The task:
Exact reproduction of the data is required, with images excluded.

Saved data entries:
※ ※ ※
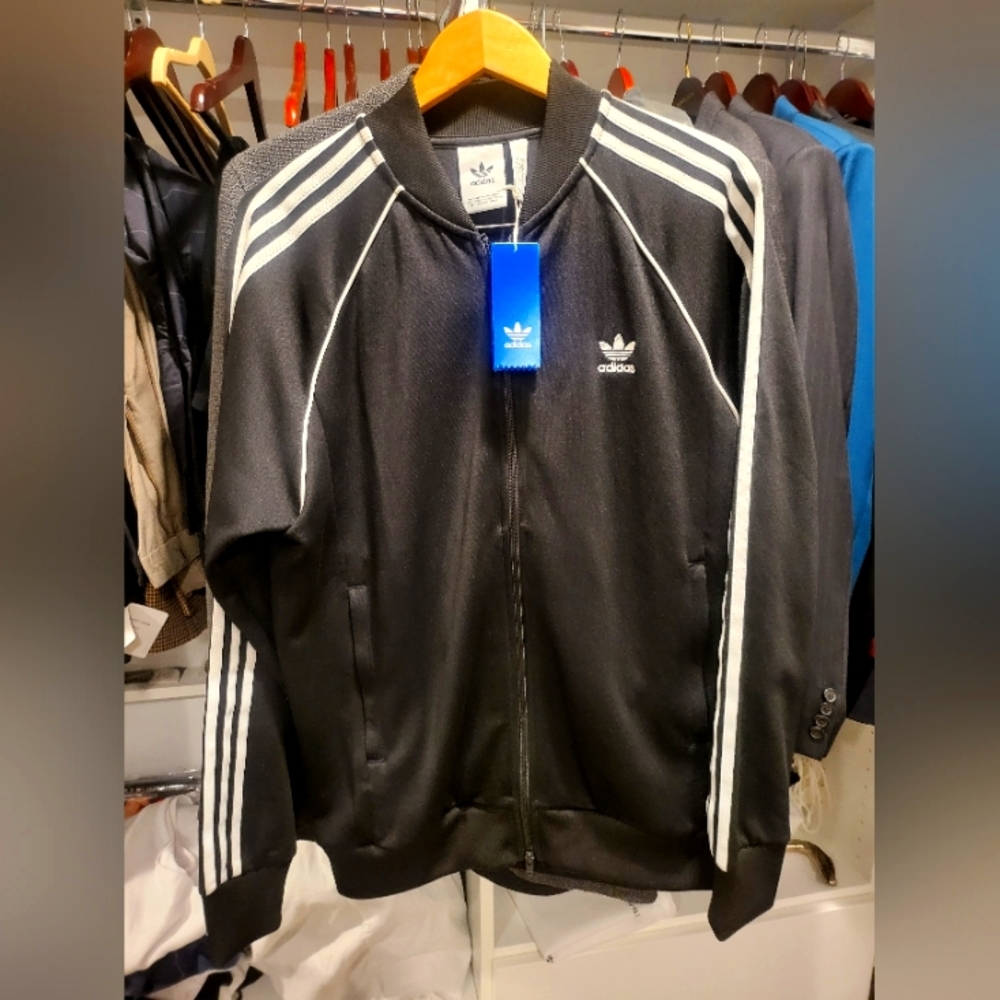 Adidas sweatsuit top
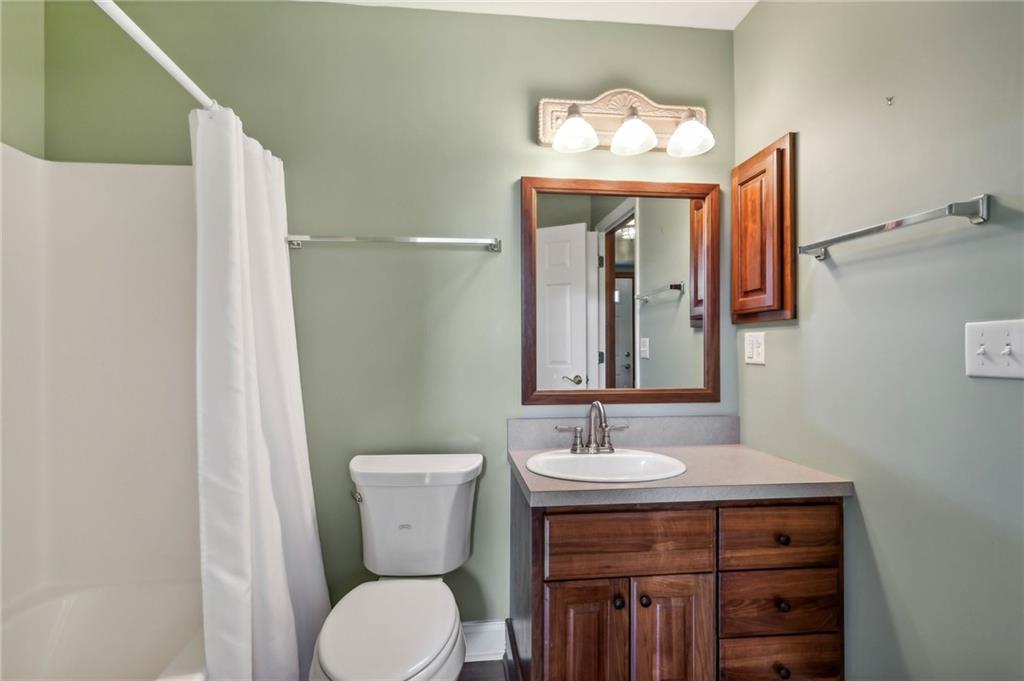 115 East Country Barn Road Houston, PA 15342 - Photo 13 of 34 Gallery Image 13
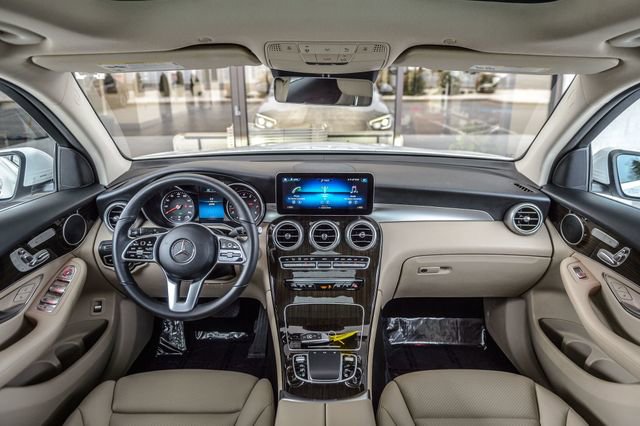 Used 2021 Mercedes-Benz GLC 300 4MATIC image 3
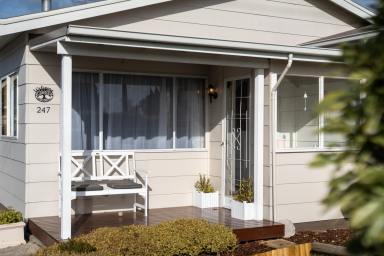 House For Sale - TAS - Beauty Point - 7270 - A Little Favourite on Flinders!  (Image 2)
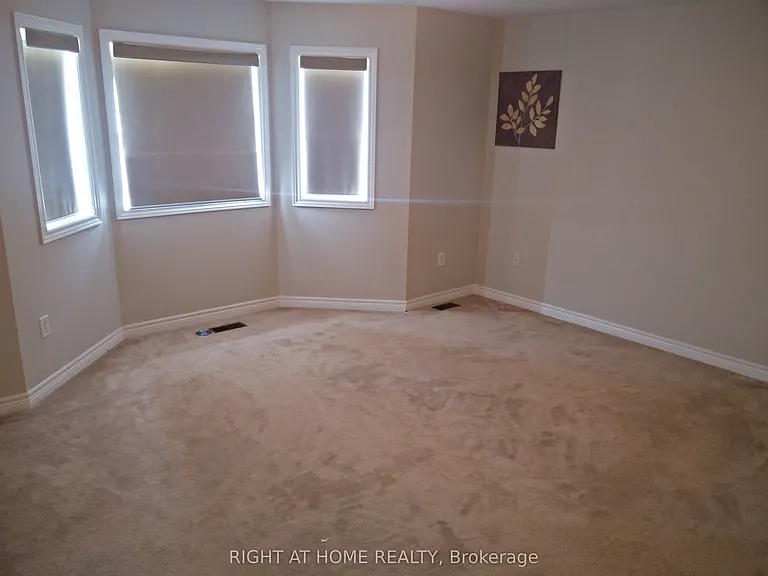 39 Daleridge Cres — Photo 9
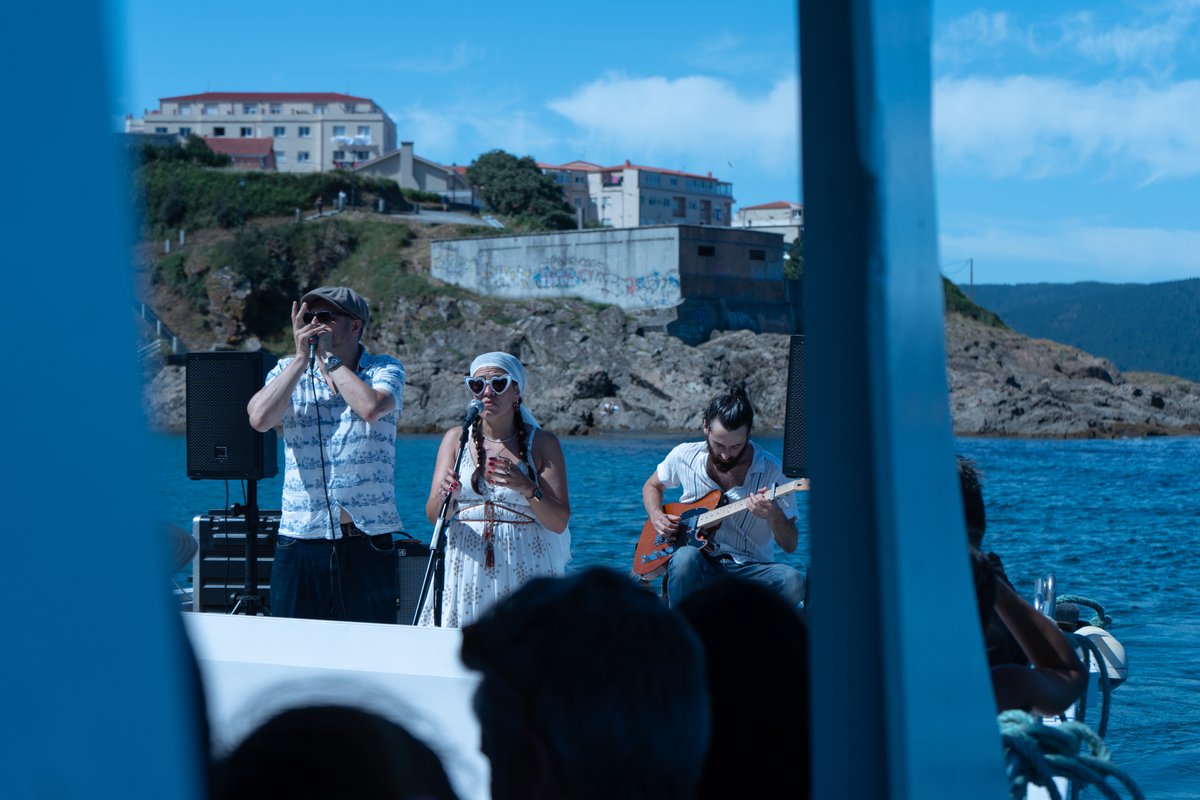 fisterraexp's tweet photo. ⛴️ Concertazo de Sabela &amp; The Heartbreakers a bordo de Cruceros Fisterra.

🌊 A súa música e a fermosa paisaxe atlántica foron a combinación perfecta 💙 https://t.co/hJ7EVC8pl7
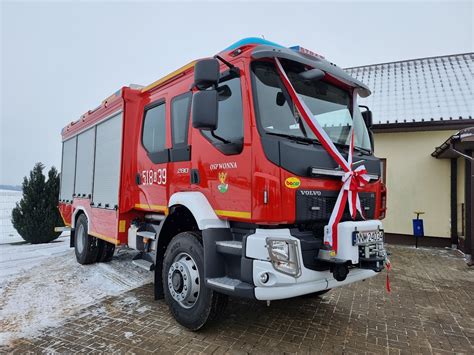 Zdjęcie nowoczesnego samochodu ratowniczo-gaśniczego OSP lub sprzętu hydraulicznego Lukas.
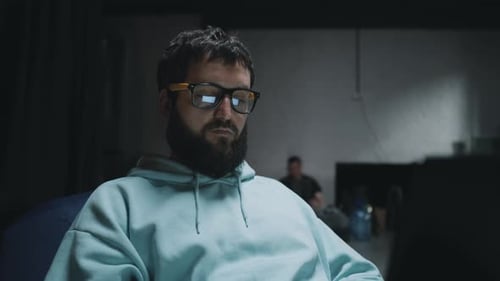 Programmierer hören eine Explosion im Krieg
※ ※ ※
Result of the exercise:
 Adidas sweatsuit top
 115 East Country Barn Road Houston, PA 15342 - Photo 13 of 34 Gallery Image 13
 Used 2021 Mercedes-Benz GLC 300 4MATIC image 3
 House For Sale - TAS - Beauty Point - 7270 - A Little Favourite on Flinders!  (Image 2)
 39 Daleridge Cres — Photo 9
 fisterraexp's tweet photo. ⛴️ Concertazo de Sabela &amp; The Heartbreakers a bordo de Cruceros Fisterra.

🌊 A súa música e a fermosa paisaxe atlántica foron a combinación perfecta 💙 https://t.co/hJ7EVC8pl7
 Zdjęcie nowoczesnego samochodu ratowniczo-gaśniczego OSP lub sprzętu hydraulicznego Lukas.
 Programmierer hören eine Explosion im Krieg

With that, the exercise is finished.